I’ve been sitting here for over an hour thinking about what to write about this edition of the men’s Liège. Much, of course, can be said of Remco Evenepoel’s characteristically masterful performance, which is becoming textbook (often to the bane of fans’ existence): he attacks with 30 kilometers to go and finishes solo. Notably in this edition of the classic tale, he vanquished the competition in the rainbow jersey paired with white bibs (which were not so white after the day’s rain) and he did this without having to face Tadej Pogačar, who, rather unusually, crashed out of the race and went home with a broken wrist. But as I sit here scheming up what to write, my mind drifts back, not to the finish, but to a long stretch in the race in which events transpired that ultimately came to nothing.

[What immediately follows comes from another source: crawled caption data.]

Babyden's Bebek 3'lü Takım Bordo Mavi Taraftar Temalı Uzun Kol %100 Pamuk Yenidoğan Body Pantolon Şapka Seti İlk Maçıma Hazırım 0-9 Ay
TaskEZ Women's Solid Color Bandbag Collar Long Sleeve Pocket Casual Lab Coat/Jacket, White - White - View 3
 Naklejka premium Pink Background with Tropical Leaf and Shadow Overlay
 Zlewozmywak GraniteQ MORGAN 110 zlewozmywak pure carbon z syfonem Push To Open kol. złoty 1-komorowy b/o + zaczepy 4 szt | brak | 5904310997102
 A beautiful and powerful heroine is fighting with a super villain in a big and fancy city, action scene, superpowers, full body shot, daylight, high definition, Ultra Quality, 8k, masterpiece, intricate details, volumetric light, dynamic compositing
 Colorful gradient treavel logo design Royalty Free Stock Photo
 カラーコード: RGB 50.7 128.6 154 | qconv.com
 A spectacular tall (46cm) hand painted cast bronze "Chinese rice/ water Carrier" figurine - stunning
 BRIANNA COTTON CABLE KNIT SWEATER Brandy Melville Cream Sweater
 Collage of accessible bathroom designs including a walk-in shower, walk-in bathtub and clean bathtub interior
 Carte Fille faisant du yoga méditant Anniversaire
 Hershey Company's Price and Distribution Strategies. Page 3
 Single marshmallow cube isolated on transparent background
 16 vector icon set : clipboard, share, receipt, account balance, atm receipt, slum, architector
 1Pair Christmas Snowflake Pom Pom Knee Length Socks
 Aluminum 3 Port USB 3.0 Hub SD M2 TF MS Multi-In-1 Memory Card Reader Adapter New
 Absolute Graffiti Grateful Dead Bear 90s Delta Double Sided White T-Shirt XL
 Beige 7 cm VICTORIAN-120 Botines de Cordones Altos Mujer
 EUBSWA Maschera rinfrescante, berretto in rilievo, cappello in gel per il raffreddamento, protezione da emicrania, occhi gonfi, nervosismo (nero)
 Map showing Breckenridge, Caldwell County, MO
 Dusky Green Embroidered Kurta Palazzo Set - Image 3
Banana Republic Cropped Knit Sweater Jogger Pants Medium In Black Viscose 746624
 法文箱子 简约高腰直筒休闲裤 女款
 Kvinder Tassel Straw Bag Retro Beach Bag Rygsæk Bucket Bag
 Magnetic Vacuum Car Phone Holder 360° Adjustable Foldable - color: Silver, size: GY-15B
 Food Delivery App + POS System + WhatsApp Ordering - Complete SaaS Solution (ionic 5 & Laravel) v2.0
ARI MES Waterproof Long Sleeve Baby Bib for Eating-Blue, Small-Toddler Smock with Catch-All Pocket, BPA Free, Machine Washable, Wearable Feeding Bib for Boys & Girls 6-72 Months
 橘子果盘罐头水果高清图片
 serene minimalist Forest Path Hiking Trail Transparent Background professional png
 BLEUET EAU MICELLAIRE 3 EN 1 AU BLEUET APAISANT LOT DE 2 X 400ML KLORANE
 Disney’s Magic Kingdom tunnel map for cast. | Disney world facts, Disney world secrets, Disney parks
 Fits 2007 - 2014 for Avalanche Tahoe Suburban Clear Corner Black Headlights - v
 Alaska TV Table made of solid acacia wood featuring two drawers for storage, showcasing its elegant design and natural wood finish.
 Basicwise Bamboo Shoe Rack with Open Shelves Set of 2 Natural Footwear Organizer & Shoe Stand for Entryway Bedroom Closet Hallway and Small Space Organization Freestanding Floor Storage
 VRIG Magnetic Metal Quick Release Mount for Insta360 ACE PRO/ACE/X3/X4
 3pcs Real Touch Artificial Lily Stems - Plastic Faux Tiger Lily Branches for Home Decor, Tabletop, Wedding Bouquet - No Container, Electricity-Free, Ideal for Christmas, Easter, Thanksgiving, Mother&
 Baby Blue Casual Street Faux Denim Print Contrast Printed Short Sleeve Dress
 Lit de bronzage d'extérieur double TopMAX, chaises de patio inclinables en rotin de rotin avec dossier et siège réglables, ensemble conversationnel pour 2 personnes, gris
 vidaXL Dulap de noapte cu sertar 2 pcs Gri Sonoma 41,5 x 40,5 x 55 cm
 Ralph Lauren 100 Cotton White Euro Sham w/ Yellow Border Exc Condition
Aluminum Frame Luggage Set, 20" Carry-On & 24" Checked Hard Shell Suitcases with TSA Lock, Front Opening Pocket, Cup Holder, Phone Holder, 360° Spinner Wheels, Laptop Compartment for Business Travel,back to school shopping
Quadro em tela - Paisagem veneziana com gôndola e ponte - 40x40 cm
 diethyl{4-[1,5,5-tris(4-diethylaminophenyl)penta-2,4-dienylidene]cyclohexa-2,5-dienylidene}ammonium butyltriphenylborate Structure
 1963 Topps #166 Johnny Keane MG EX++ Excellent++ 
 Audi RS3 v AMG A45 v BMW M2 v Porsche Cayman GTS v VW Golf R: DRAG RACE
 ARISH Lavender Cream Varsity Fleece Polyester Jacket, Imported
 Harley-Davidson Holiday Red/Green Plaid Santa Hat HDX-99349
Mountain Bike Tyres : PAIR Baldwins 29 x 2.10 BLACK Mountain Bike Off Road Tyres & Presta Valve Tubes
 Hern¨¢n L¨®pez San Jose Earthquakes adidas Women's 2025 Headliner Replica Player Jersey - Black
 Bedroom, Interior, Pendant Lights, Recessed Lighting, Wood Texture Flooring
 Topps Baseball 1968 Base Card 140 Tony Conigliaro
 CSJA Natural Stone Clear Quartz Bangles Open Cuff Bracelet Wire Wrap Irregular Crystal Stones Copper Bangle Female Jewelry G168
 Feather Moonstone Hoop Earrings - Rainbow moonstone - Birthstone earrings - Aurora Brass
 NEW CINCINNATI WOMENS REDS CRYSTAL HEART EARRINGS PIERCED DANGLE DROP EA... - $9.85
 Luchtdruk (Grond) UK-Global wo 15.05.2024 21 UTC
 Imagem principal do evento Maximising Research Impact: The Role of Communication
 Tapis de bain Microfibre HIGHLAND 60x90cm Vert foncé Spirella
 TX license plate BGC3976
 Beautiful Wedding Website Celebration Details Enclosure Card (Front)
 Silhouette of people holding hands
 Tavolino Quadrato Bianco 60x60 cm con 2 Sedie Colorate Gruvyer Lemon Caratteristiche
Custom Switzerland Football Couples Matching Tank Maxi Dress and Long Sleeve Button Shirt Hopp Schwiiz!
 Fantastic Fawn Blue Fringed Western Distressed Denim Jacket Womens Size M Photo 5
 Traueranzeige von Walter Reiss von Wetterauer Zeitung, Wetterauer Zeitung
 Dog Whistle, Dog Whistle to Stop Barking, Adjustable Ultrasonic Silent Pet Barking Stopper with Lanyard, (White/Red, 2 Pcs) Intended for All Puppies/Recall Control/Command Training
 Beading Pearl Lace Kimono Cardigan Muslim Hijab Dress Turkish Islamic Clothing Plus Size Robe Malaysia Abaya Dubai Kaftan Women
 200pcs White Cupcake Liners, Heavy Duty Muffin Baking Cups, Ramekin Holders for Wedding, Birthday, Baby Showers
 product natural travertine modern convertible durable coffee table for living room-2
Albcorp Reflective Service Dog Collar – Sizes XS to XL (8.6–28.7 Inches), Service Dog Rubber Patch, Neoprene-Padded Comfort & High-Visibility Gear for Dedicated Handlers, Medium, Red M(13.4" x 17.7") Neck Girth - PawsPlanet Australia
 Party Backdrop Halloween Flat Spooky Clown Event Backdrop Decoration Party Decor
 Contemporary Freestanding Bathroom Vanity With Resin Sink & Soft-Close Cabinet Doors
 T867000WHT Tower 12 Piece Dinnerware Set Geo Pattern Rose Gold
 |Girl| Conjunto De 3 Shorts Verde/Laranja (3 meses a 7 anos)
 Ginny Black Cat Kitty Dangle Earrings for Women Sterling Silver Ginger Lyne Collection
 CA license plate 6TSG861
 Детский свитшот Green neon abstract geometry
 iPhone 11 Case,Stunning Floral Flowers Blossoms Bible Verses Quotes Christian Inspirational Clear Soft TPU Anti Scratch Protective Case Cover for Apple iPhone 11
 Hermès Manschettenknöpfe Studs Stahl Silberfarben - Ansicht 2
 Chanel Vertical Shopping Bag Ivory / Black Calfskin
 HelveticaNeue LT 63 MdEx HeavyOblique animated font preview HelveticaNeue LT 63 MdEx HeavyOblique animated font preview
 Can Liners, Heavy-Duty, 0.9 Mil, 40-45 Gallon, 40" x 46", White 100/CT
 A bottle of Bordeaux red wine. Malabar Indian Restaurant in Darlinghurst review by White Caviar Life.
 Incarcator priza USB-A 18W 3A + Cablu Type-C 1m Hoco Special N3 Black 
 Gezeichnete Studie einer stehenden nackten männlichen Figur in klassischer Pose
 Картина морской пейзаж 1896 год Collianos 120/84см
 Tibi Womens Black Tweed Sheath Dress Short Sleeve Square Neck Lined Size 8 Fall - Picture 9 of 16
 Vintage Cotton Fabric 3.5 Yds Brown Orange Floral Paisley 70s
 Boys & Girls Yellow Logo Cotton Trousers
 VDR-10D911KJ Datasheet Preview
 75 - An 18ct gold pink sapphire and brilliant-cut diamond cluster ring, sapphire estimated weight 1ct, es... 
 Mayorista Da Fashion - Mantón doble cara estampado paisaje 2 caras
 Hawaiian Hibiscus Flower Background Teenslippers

When a great tree falls in the forest, it exposes the ground where it once stood to the sun, allowing for the flourishing of plants that have been waiting patiently for that blessed hole in the sky in order to fill their respective niches. It’s normal in sports when the same people seem to win over and over again to want to focus on the smaller stories that are usually overlooked because winning is more interesting than non-winning, until it isn’t anymore, and right now, it’s not. And when Pogačar pulled out of the race, the whole of cycling knew what would and did happen: Evenepoel would launch on the Côte de La Redoute and no one would be able to catch him. The great trees still stood in the forest and the forbs and herbs and saplings closer to the ground will once more have to wait another day.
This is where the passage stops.